B.  Le critère juridique permettant d’évaluer le caractère adéquat de la protection de l’État

[23]  Le critère juridique établi pour ce qui est de l’évaluation du caractère adéquat de la protection de l’État nécessite d’évaluer la volonté et la capacité de ce dernier à assurer une protection adéquate sur le terrain, et non simplement à évaluer les efforts qu’il fait pour assurer ou améliorer une protection : Guthrie, aux par. 9 et 10; Ruszo, au par. 26; et AB, aux par. 22 à 24.

[24]  L’agente d’ERAR n’a pas énoncé expressément le critère applicable, de sorte que la Cour se doit d’évaluer si, d’après le contenu de l’analyse qu’elle a réalisée, l’agente a évalué comme il se devait la question de l’« efficacité concrète » des mesures prises par l’État. Monsieur Newland soutient que non, et qu’elle a simplement cité les efforts de l’État pour assurer une protection, plutôt que de traiter du caractère suffisant de cette protection sur le terrain.

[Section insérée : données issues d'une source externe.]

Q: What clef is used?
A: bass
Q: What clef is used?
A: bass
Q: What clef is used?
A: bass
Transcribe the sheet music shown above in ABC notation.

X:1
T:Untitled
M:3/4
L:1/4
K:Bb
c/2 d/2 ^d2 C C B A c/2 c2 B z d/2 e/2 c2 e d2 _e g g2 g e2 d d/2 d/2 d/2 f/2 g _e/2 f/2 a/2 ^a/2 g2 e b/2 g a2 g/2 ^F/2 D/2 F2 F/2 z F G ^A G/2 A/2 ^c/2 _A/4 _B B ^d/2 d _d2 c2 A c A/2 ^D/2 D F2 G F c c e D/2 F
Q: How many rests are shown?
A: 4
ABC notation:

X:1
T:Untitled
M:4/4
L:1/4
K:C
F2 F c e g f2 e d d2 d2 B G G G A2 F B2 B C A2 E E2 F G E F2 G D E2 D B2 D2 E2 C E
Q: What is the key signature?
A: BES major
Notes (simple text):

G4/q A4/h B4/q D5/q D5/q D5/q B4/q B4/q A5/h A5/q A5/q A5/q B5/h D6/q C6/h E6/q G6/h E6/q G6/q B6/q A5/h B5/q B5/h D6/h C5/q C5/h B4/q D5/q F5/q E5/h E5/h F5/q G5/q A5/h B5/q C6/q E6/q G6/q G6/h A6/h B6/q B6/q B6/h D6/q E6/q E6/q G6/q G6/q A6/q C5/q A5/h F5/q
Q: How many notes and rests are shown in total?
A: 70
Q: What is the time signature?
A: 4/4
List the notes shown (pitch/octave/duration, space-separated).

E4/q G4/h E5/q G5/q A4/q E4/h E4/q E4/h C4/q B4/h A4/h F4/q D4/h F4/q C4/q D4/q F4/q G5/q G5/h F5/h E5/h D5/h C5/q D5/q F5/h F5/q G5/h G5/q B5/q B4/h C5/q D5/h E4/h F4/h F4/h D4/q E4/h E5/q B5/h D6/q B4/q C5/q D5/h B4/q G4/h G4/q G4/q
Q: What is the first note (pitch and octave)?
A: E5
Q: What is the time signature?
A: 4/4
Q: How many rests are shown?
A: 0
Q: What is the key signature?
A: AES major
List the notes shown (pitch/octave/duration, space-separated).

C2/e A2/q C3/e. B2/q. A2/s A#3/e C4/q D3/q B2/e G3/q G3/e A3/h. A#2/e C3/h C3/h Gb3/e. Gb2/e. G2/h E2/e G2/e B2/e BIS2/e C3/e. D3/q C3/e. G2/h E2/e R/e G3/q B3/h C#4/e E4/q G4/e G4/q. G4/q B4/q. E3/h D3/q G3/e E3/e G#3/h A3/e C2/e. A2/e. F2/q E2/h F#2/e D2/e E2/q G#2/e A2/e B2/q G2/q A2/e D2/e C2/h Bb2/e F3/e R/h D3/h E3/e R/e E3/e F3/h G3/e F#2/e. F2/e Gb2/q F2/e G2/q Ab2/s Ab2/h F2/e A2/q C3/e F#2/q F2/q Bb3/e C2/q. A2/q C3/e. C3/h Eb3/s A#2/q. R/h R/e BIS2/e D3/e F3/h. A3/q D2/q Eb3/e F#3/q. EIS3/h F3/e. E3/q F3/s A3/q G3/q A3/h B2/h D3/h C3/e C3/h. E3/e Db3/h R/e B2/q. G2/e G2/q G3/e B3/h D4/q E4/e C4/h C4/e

[25]  Les motifs de l’agente d’ERAR auraient pu être plus limpides, mais je suis convaincu qu’elle n’a pas limité son évaluation aux efforts faits par la Jamaïque pour assurer une protection à ses citoyens, et qu’elle a aussi tenu compte de la capacité du pays d’assurer concrètement une protection suffisante. C’est ce qui ressort de l’examen fait par l’agente d’ERAR de ce qui suit :

  • - les difficultés opérationnelles rencontrées par la FCJ, comme il est indiqué dans la lettre de celle-ci;

  • - le souci exprimé quant au fait qu’il puisse être difficile d’assurer une [TRADUCTION« protection efficace » quand les agresseurs sont inconnus, même pour les corps de police les plus efficaces et les mieux équipés;

  • - les enquêtes actives, quoique infructueuses, de la FCJ en réponse aux signalements de M. Newland;

  • - les éléments de preuve sur la situation dans le pays, lesquels comportent des renseignements portant non seulement sur les initiatives de lutte contre la criminalité, mais aussi sur les effets concrets de ces initiatives, dont les arrestations découlant d’opérations antigang et leur incidence sur les taux de criminalité;

  • - la norme d’efficacité qu’un pays doit respecter, comme il en est question dans l’arrêt Canada (Ministre de l’Emploi et de l’Immigration) c Villafranca, 1992 CanLII 8569, 18 Imm LR (2d) 130 (CAF), au paragraphe 7, un arrêt auquel l’agente d’ERAR a fait référence.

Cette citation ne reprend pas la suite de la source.